I don't understand the following basic lemma (taken from p.15, Models and Ultraproducts, Bell and Slomson (1969)):
Lemma 3.1: If $F$ is a filter in a Boolean algebra $B$, $F$ is an ultrafilter iff for each $x \in B$ either $x \in F$ or $x^* \in F$, but not both
PROOF. Note first that if for some $x \in B$ both $x$ and $x^*$ are in $F$, then $0 = x \land x^* \in F$ and so $F$ is not proper. Now suppose that for each $x \in B$ either $x$ or $x^*$ is in $F$. Let $G$ be a filter properly containing $F$. Then there is some $x$ in $G-F$. Since $x \notin F$, $x^* \in F \subseteq G$
Why must it follow from $x \notin F$, that $x^* \in F \subseteq G$? I also don't understand this passage (the continuation of Lemma 3.1):
Conversely, suppose that $F$ is an ultrafilter and $x \notin F$. Let $G$ be the filter generated by $F \cup \{x\} $. Since $F$ is an ultrafilter $G$ is not proper. Therefore $F \cup \{x\} $ does not have the fip (finite intersection property) and so for some $X \in S_{\omega}(F)$, $inf(X) \land x = 0$. Hence $inf(X) \leq x^*$. $Inf(X)$ is in $F$ and therefore we can conclude that $x^* \in F$, thus completing the proof.
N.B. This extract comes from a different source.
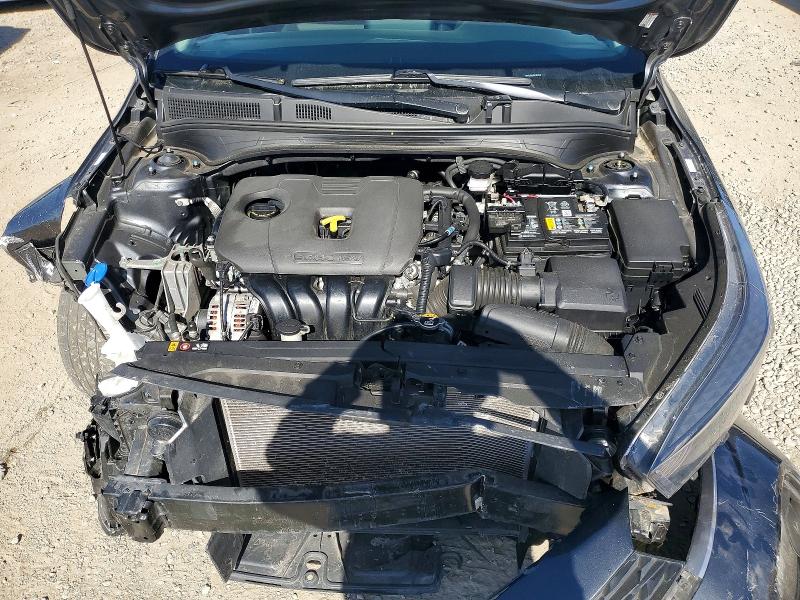 Photo 11 from auction – 2024 KIA FORTE with VIN 3KPF24AD5RE767974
Why does it follow from the fact that $G$ is the filter generated by $F \cup \{x\} $ and the fact that $F$ is an ultrafilter, that $G$ is not proper? And then, does $F \cup \{x\} $ not have the fip because it is not a proper filter (and therefore not a filter?) ? I also don't understand the last part of the argument.
Totally confused!
The first part of the proof is proving the claim "suppose $F$ satisfies $\langle\forall x\in B$, either $x\in F$ or $x^*\in F\rangle$; then $F$ is an ultrafilter." In the proof, they choose an $x\in G\setminus F$; by the hypothesis, since $x\not\in F$, we must have $x^*\in F$. But then we have $x\in G$ (because $x\in G\setminus F$), but also $x^*\in G$ (because $x^*\in F\subset G$), so $\mathbf{0}\in G$ and $G$ is improper.
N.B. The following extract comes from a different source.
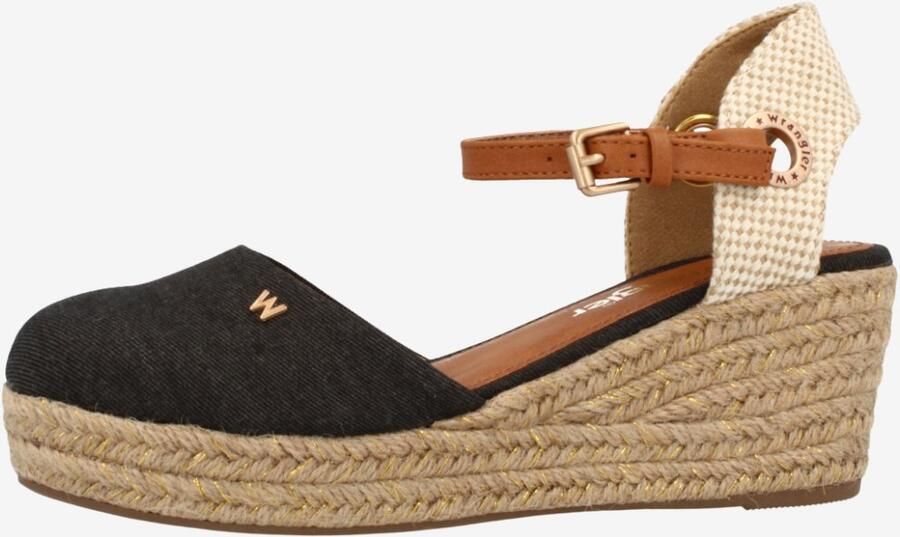 Wrangler Bela C Semi Wedge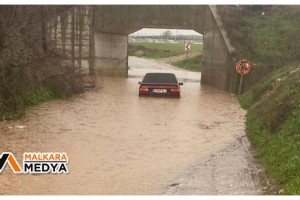 Trakya’ya sağanak yağış uyarısı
As for the second part — the statement that "if $F$ is an ultrafilter, then $\langle\forall x\in B$, either $x\in F$ or $x^*\in F\rangle$" — the definition of an ultrafilter is that it's maximal; i.e., for any filter $G$ with $F\subset G$, $G$ is improper. If $G$ is (the filter generated by) $F\cup\{x\}$, then we have $F\subset F\cup\{x\}\subset G$ and therefore $G$ must by definition be improper.